§ **EXERCISE PROMPT**
Would you repeat every line of the material exactly?

Start of THE INPUT

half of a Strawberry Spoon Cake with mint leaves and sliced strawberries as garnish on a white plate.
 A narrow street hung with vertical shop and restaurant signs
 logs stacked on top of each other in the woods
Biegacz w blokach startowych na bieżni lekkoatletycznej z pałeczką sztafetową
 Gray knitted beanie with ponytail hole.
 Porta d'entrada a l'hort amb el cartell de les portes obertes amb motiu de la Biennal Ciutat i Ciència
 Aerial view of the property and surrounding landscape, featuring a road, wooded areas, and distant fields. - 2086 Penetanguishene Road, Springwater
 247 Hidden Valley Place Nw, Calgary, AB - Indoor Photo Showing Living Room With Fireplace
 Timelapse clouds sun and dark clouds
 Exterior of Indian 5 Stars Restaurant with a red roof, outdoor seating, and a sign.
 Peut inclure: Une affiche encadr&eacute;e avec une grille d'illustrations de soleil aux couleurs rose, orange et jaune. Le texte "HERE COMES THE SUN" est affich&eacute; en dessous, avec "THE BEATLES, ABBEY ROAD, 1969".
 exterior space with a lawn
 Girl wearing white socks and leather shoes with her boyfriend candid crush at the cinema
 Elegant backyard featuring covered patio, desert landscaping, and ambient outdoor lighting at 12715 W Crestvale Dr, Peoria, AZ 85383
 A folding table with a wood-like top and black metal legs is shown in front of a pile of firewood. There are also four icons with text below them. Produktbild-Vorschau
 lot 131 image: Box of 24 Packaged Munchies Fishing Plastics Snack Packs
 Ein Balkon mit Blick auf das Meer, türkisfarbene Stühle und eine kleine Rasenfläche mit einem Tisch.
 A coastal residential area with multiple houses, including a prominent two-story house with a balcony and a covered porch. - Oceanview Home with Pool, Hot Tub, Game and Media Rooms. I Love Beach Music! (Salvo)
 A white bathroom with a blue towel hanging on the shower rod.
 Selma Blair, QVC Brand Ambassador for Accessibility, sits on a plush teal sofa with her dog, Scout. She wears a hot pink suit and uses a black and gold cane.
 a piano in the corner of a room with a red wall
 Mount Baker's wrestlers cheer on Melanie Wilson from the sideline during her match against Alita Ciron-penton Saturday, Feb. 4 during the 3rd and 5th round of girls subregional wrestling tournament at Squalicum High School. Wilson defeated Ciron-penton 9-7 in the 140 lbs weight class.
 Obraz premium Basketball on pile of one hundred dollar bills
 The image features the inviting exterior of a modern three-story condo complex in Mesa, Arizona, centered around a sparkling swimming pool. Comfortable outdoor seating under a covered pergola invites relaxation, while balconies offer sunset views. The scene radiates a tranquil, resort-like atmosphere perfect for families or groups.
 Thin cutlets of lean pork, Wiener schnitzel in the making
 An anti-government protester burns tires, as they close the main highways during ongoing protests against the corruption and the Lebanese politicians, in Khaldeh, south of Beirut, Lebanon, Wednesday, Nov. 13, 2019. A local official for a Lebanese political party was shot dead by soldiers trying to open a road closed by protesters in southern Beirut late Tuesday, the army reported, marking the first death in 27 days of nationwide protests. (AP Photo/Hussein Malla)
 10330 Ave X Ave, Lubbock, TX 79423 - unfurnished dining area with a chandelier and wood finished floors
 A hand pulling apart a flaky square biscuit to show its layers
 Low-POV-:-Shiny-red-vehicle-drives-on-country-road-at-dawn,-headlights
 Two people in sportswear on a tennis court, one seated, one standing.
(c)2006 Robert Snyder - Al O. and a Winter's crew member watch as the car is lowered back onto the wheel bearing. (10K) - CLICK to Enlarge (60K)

End of THE INPUT

§ **SOLUTION BELOW**
half of a Strawberry Spoon Cake with mint leaves and sliced strawberries as garnish on a white plate.
 A narrow street hung with vertical shop and restaurant signs
 logs stacked on top of each other in the woods
Biegacz w blokach startowych na bieżni lekkoatletycznej z pałeczką sztafetową
 Gray knitted beanie with ponytail hole.
 Porta d'entrada a l'hort amb el cartell de les portes obertes amb motiu de la Biennal Ciutat i Ciència
 Aerial view of the property and surrounding landscape, featuring a road, wooded areas, and distant fields. - 2086 Penetanguishene Road, Springwater
 247 Hidden Valley Place Nw, Calgary, AB - Indoor Photo Showing Living Room With Fireplace
 Timelapse clouds sun and dark clouds
 Exterior of Indian 5 Stars Restaurant with a red roof, outdoor seating, and a sign.
 Peut inclure: Une affiche encadr&eacute;e avec une grille d'illustrations de soleil aux couleurs rose, orange et jaune. Le texte "HERE COMES THE SUN" est affich&eacute; en dessous, avec "THE BEATLES, ABBEY ROAD, 1969".
 exterior space with a lawn
 Girl wearing white socks and leather shoes with her boyfriend candid crush at the cinema
 Elegant backyard featuring covered patio, desert landscaping, and ambient outdoor lighting at 12715 W Crestvale Dr, Peoria, AZ 85383
 A folding table with a wood-like top and black metal legs is shown in front of a pile of firewood. There are also four icons with text below them. Produktbild-Vorschau
 lot 131 image: Box of 24 Packaged Munchies Fishing Plastics Snack Packs
 Ein Balkon mit Blick auf das Meer, türkisfarbene Stühle und eine kleine Rasenfläche mit einem Tisch.
 A coastal residential area with multiple houses, including a prominent two-story house with a balcony and a covered porch. - Oceanview Home with Pool, Hot Tub, Game and Media Rooms. I Love Beach Music! (Salvo)
 A white bathroom with a blue towel hanging on the shower rod.
 Selma Blair, QVC Brand Ambassador for Accessibility, sits on a plush teal sofa with her dog, Scout. She wears a hot pink suit and uses a black and gold cane.
 a piano in the corner of a room with a red wall
 Mount Baker's wrestlers cheer on Melanie Wilson from the sideline during her match against Alita Ciron-penton Saturday, Feb. 4 during the 3rd and 5th round of girls subregional wrestling tournament at Squalicum High School. Wilson defeated Ciron-penton 9-7 in the 140 lbs weight class.
 Obraz premium Basketball on pile of one hundred dollar bills
 The image features the inviting exterior of a modern three-story condo complex in Mesa, Arizona, centered around a sparkling swimming pool. Comfortable outdoor seating under a covered pergola invites relaxation, while balconies offer sunset views. The scene radiates a tranquil, resort-like atmosphere perfect for families or groups.
 Thin cutlets of lean pork, Wiener schnitzel in the making
 An anti-government protester burns tires, as they close the main highways during ongoing protests against the corruption and the Lebanese politicians, in Khaldeh, south of Beirut, Lebanon, Wednesday, Nov. 13, 2019. A local official for a Lebanese political party was shot dead by soldiers trying to open a road closed by protesters in southern Beirut late Tuesday, the army reported, marking the first death in 27 days of nationwide protests. (AP Photo/Hussein Malla)
 10330 Ave X Ave, Lubbock, TX 79423 - unfurnished dining area with a chandelier and wood finished floors
 A hand pulling apart a flaky square biscuit to show its layers
 Low-POV-:-Shiny-red-vehicle-drives-on-country-road-at-dawn,-headlights
 Two people in sportswear on a tennis court, one seated, one standing.
(c)2006 Robert Snyder - Al O. and a Winter's crew member watch as the car is lowered back onto the wheel bearing. (10K) - CLICK to Enlarge (60K)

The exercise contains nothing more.